▶ **WORK TASK**: From the line containing "Brembo K68071 - Kit & Fit arrière" down to the line containing "OAK Williams UV-oil", copy out the entries below exactly, both lines included, and nothing else; pictures do not belong in the copy.

▶ **EXERCISE MATERIALS**:
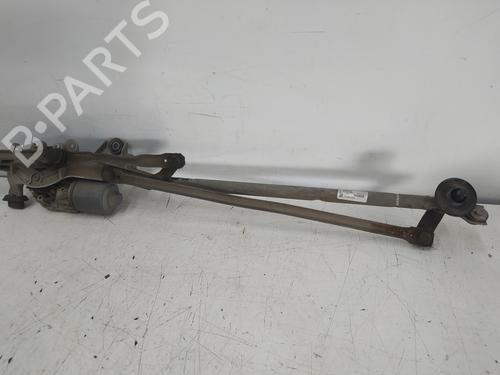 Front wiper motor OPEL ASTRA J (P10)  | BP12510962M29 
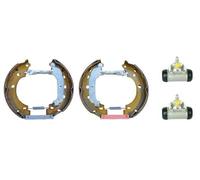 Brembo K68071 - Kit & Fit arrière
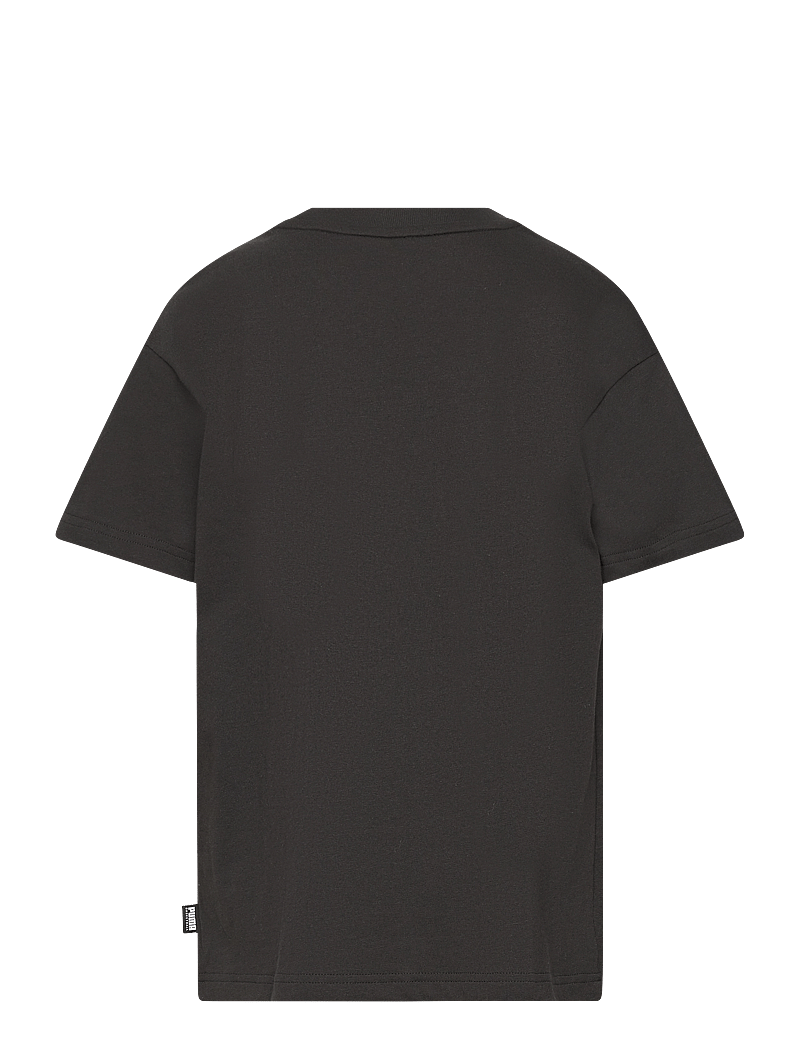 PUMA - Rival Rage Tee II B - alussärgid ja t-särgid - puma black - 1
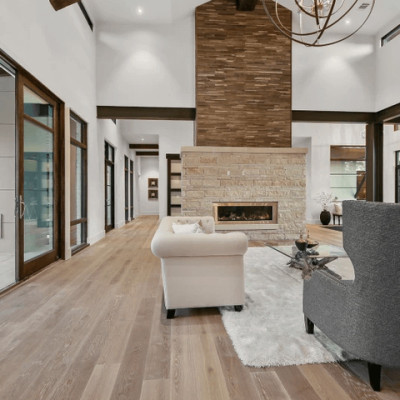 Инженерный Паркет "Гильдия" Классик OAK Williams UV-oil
--
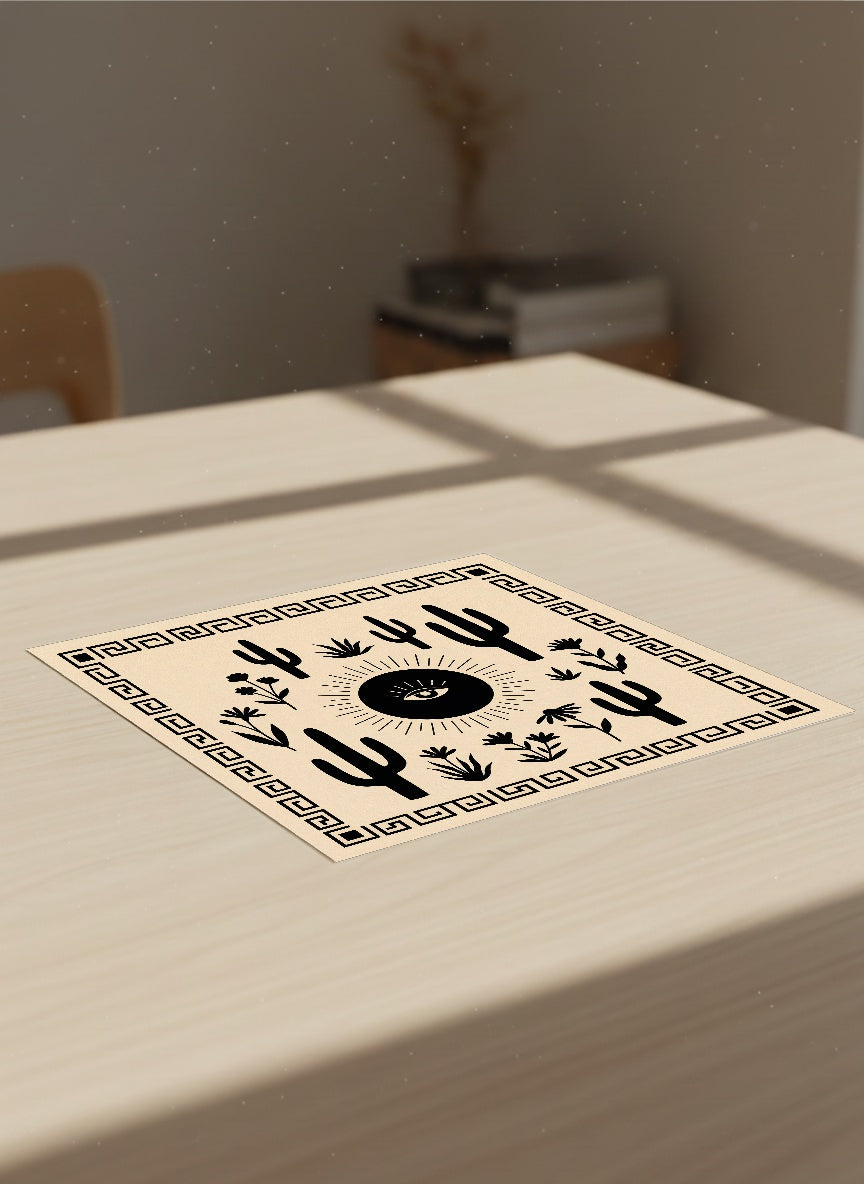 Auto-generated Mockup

▶ **TASK RESPONSE**:
 Brembo K68071 - Kit & Fit arrière
 PUMA - Rival Rage Tee II B - alussärgid ja t-särgid - puma black - 1
 Инженерный Паркет "Гильдия" Классик OAK Williams UV-oil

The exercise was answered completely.